The Sino-Vietnamese War (1979)
Why Deng Xiaoping invaded Vietnam just weeks after normalizing relations with the United States, and what the costly campaign revealed about China's military weaknesses.
Why China Invaded Vietnam
On February 17, 1979, roughly 200,000 Chinese troops crossed the border into northern Vietnam. Deng Xiaoping described the invasion as a punitive action to 'teach Vietnam a lesson.' The immediate triggers were multiple. Vietnam had invaded Cambodia in December 1978, toppling the Khmer Rouge regime that China had supported. Vietnam had signed a Treaty of Friendship and Cooperation with the Soviet Union in November 1978, which Beijing interpreted as encirclement by Moscow and its allies.

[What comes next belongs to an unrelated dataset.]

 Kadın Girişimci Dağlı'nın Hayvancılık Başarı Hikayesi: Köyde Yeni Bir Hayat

And Vietnam had been persecuting and expelling ethnic Chinese residents, with over 150,000 'boat people' of Chinese descent fleeing by 1978.

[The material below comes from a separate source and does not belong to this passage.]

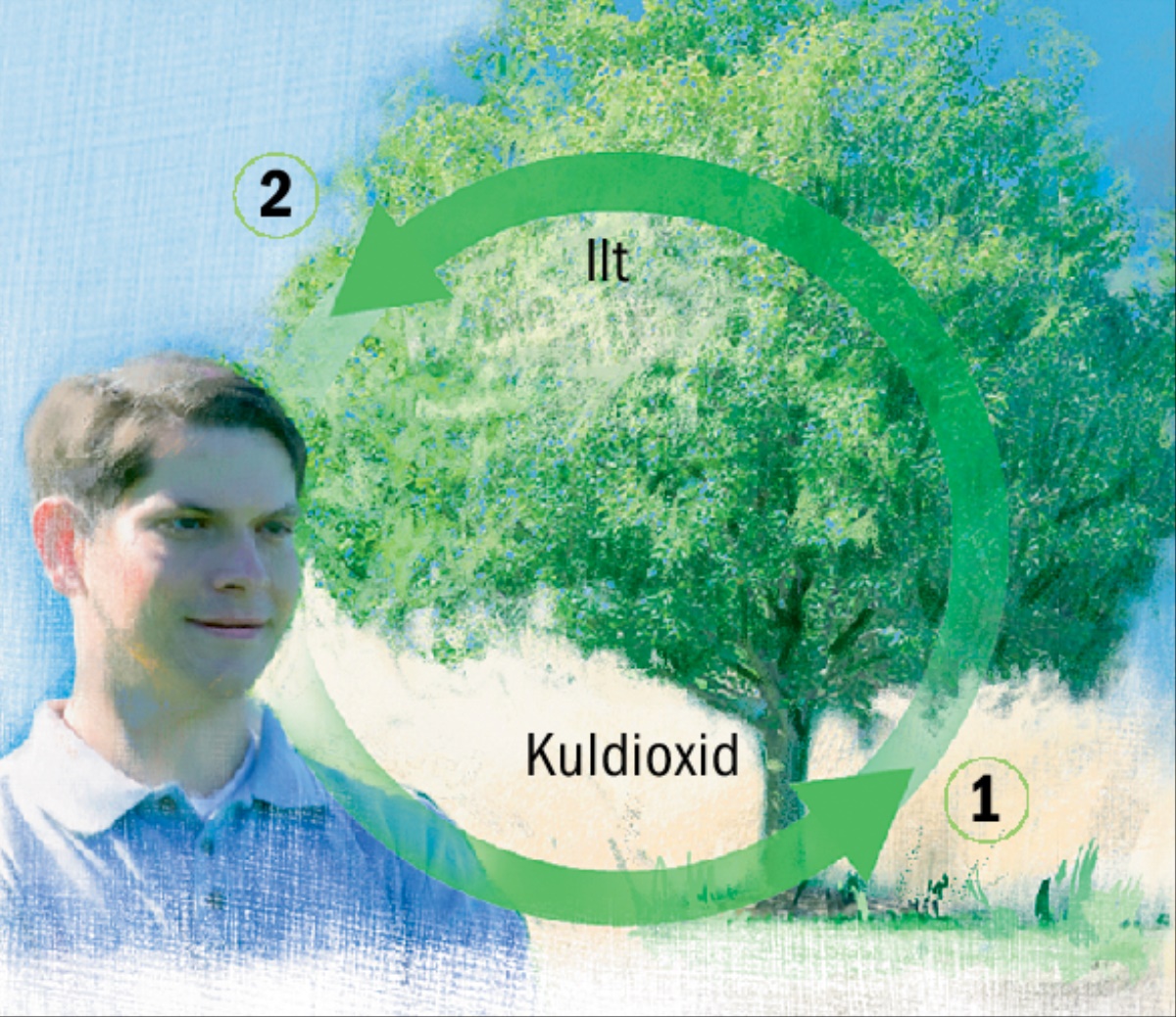 Kulstof- og iltkredsløbene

But the deeper context was the Sino-Soviet split. Since the 1960s, China and the Soviet Union had been bitter rivals within the communist world. Vietnam's alignment with Moscow threatened to extend Soviet influence along China's entire southern border. Deng calculated that a short, sharp military action would demonstrate that the Soviet Union could not protect its allies and would reassert China's position as the dominant power in mainland Southeast Asia.
The timing was deliberate. Deng had just returned from a landmark visit to the United States in January 1979, where he had secured normalization of diplomatic relations. He reportedly discussed the planned invasion with President Carter, who expressed concern but did not object forcefully. The American connection gave Deng strategic cover: an attack on a Soviet ally while enjoying the tacit backing of the United States.